Transcribe exactly the lines that fall between the one holding "Tree green nature logo" and the one holding "Sweaty Betty Fast", inclusive, from the entries below.

Stored items:
-*-
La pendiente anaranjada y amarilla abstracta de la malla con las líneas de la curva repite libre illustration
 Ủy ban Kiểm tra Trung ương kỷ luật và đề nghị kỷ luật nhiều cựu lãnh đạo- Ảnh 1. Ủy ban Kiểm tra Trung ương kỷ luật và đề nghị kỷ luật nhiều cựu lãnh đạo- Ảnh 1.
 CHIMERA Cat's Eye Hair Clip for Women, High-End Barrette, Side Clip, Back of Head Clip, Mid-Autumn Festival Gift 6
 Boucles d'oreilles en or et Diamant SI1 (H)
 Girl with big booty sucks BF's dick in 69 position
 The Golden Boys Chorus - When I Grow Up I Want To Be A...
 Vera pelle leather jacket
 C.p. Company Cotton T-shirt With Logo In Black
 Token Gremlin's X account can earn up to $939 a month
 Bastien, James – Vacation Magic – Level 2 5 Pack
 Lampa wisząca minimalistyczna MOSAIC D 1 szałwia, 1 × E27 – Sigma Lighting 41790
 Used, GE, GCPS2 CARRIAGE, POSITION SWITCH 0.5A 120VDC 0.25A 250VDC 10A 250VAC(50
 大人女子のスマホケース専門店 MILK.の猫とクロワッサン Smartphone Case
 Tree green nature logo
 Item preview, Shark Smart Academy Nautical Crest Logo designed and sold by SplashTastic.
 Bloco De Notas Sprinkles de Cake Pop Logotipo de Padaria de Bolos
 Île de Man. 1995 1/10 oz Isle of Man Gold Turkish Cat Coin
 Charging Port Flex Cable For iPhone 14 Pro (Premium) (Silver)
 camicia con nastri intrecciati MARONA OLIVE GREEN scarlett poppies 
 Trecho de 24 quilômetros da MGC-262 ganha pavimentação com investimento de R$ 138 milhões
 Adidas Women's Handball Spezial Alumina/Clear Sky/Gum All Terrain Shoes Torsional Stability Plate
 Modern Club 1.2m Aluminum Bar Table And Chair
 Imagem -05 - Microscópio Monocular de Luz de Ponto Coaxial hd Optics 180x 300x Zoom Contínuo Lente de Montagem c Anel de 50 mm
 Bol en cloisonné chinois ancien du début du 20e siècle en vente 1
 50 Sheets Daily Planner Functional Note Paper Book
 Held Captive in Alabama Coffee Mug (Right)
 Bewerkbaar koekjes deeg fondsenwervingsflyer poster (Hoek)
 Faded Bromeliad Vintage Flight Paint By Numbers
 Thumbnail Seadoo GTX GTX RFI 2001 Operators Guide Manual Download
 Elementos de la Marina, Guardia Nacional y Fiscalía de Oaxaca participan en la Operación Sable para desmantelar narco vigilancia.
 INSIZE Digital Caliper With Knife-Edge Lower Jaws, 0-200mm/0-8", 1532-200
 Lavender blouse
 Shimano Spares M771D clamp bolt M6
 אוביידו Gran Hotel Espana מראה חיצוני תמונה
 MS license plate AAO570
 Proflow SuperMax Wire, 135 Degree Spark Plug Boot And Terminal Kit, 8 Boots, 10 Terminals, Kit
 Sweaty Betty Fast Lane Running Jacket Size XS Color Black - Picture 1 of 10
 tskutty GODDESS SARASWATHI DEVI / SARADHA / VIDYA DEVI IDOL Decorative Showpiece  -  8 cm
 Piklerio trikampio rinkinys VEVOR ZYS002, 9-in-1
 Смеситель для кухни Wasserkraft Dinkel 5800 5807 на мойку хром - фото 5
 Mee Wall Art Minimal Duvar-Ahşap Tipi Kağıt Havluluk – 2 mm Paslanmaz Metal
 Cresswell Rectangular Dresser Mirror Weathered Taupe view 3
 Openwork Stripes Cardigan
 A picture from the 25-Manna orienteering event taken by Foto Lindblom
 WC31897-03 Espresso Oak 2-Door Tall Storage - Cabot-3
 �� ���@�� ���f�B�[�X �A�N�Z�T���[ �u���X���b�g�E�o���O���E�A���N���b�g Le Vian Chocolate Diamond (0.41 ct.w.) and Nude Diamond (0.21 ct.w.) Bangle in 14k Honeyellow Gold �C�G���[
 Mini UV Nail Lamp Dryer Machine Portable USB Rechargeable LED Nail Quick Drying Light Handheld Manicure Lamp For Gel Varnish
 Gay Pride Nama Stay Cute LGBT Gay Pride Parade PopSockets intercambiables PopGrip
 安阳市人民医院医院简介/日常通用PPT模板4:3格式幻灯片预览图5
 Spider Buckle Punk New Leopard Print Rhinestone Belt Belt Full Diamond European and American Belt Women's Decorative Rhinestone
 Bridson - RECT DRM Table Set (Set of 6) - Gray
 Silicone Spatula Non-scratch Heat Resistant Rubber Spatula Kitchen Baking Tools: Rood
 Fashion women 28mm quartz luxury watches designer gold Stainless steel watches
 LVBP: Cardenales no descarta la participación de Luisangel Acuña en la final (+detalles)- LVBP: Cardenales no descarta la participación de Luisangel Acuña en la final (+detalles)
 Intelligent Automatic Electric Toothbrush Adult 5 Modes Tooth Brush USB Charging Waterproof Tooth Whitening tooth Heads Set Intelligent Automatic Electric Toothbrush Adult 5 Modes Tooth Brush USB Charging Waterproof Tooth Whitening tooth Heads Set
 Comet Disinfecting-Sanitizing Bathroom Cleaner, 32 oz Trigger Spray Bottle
-*-
*Result of this exercise:*
 Tree green nature logo
 Item preview, Shark Smart Academy Nautical Crest Logo designed and sold by SplashTastic.
 Bloco De Notas Sprinkles de Cake Pop Logotipo de Padaria de Bolos
 Île de Man. 1995 1/10 oz Isle of Man Gold Turkish Cat Coin
 Charging Port Flex Cable For iPhone 14 Pro (Premium) (Silver)
 camicia con nastri intrecciati MARONA OLIVE GREEN scarlett poppies 
 Trecho de 24 quilômetros da MGC-262 ganha pavimentação com investimento de R$ 138 milhões
 Adidas Women's Handball Spezial Alumina/Clear Sky/Gum All Terrain Shoes Torsional Stability Plate
 Modern Club 1.2m Aluminum Bar Table And Chair
 Imagem -05 - Microscópio Monocular de Luz de Ponto Coaxial hd Optics 180x 300x Zoom Contínuo Lente de Montagem c Anel de 50 mm
 Bol en cloisonné chinois ancien du début du 20e siècle en vente 1
 50 Sheets Daily Planner Functional Note Paper Book
 Held Captive in Alabama Coffee Mug (Right)
 Bewerkbaar koekjes deeg fondsenwervingsflyer poster (Hoek)
 Faded Bromeliad Vintage Flight Paint By Numbers
 Thumbnail Seadoo GTX GTX RFI 2001 Operators Guide Manual Download
 Elementos de la Marina, Guardia Nacional y Fiscalía de Oaxaca participan en la Operación Sable para desmantelar narco vigilancia.
 INSIZE Digital Caliper With Knife-Edge Lower Jaws, 0-200mm/0-8", 1532-200
 Lavender blouse
 Shimano Spares M771D clamp bolt M6
 אוביידו Gran Hotel Espana מראה חיצוני תמונה
 MS license plate AAO570
 Proflow SuperMax Wire, 135 Degree Spark Plug Boot And Terminal Kit, 8 Boots, 10 Terminals, Kit
 Sweaty Betty Fast Lane Running Jacket Size XS Color Black - Picture 1 of 10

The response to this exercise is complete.